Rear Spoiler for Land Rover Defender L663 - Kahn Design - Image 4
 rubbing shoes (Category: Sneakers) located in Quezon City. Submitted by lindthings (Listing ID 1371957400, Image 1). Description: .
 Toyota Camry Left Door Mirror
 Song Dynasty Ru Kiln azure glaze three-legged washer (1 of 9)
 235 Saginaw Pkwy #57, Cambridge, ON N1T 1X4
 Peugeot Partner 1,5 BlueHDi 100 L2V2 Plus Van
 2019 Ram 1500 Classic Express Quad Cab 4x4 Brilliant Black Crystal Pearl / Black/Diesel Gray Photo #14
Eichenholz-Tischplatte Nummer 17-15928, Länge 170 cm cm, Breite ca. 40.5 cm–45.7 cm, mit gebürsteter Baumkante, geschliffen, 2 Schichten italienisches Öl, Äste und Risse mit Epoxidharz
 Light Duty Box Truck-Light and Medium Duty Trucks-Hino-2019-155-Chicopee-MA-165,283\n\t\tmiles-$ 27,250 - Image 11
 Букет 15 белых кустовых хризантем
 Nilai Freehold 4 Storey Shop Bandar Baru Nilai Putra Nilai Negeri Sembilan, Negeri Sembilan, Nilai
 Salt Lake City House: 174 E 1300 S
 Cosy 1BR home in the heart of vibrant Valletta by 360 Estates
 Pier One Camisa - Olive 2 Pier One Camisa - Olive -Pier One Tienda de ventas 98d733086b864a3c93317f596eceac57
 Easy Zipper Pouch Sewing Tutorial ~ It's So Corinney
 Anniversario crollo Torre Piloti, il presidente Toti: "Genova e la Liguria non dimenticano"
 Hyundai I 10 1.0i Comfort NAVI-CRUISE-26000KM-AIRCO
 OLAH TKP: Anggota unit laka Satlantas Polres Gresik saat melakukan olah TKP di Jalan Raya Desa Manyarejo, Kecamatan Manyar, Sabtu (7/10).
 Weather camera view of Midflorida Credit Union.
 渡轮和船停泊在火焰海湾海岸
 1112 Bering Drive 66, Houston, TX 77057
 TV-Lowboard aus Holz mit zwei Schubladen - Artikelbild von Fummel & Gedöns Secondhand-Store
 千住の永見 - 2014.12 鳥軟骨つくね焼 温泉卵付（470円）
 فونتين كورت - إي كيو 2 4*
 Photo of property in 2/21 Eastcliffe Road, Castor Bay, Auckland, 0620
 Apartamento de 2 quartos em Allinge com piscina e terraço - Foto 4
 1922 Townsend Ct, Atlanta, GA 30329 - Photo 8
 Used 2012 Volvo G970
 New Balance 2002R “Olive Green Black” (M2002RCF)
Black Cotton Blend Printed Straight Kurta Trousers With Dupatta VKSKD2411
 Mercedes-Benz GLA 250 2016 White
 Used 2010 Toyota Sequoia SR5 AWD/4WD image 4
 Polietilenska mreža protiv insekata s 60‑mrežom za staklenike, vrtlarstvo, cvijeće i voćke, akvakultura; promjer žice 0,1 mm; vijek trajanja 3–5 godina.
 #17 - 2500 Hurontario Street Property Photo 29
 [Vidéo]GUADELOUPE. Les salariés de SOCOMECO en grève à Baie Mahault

_____

** Exercise brief **
Please go over the data above and copy each line with "Black" in it.

** Response to this task **
 2019 Ram 1500 Classic Express Quad Cab 4x4 Brilliant Black Crystal Pearl / Black/Diesel Gray Photo #14
 New Balance 2002R “Olive Green Black” (M2002RCF)
Black Cotton Blend Printed Straight Kurta Trousers With Dupatta VKSKD2411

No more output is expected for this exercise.